Some of Iran's power elite, like Khatami and Rafsanjani, nevertheless bend to US demands much more readily than other factions, which is the reason why the Western press call them "moderates" and other names that are essentially codewords for degrees of willingness to subordinate their nation's and region's interests to Washington's. Khatami and Rafsanjani's factions probably think of Hamas, Hizballah, etc. as political and financial albatrosses around their necks, and they would be rather happy to say sayonara to them (which was essentially the main content of their overtures to Washington). Those who are called "hard-liners" are not quite like them, for they are often religiously, politically, and economically attached to such causes as well as their nation's sovereignty.
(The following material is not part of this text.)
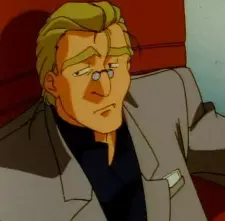 Gambar Karakter Anime: Chief Garner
But our task is not to make all factions of Iran's power elite refuse to make Iran a client state. It's up to the Iranian people to do so if they wish. Our task, instead, is to stop the US-led campaign of economic sanctions, covert actions, and "democracy assistance."


> Also I agree with you when you say to Doug that 'leftist' in this context is
> not necessarily good (after all the 'leftists' in the Irish republican
> movement, the 'Officials' were those that favoured collaboration with
> British imperialism). It is just that the pro-western outlook of the Iranian
> leftists (descendants of Tudeh) does not necessarily imply that the current
> regime's populism is preferable.

In my view, the people of Iran were correct to have voted for Khatami and Ahmadinejad successively, thinking that they were the best possible choices in the presidential elections in which they ran respectively. Those who think that Iranians made wrong choices need to win over Iranians, not me, to their views, since I don't get to vote in Iranian elections.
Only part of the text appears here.